For an issue that’s been so polarizing, and has taken up so much of the national oxygen in recent years, the arguments against it are surprisingly flawed. They’re put forward mainly by anti-oil activists who simply want to shut down Canada’s fossil-fuel economy overnight. Leave our oil in the ground, they say.
But that’s hardly sound financial planning. The world still needs our resources and Canada’s economy still needs this industry. As long as we can sell our product for more than what it costs to develop it, why would we leave it in the ground? Which one of us could afford to turn our back on a personal asset that still holds tremendous value? What country can afford to do the same with its assets – natural resources?

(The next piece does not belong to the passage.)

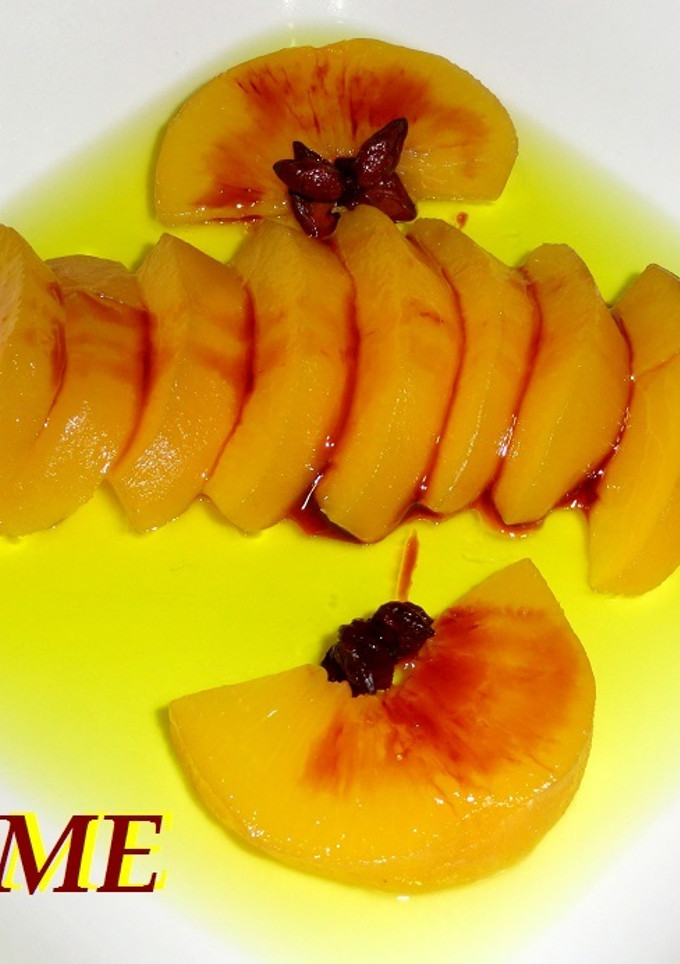 Una foto de Nectarinas especiadas con espejo de gelatina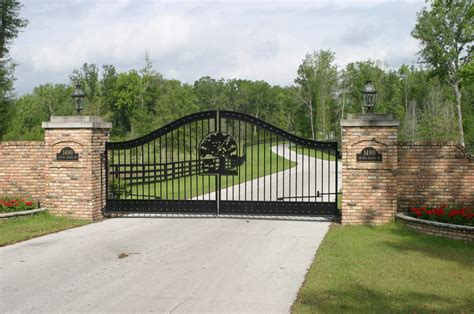 gates  entrances double  manufacturing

Certainly, time is running out on our carbon economy, with or without a new pipeline. One way or another, Canada needs a plan, and fast, for a sustainable, low-carbon future.
But that future isn’t here yet, no matter how much some of us wish it to be. We’re in a transition period.
Pipelines are still the safest way to transport flammable liquids – much safer than by train. The accident in Lac-Megantic, Que., in July 2013 was a reminder of the dangers of transporting oil by train. Petroleum tanks carried by rail exploded and the town caught fire. Forty-seven people died in the horrific accident.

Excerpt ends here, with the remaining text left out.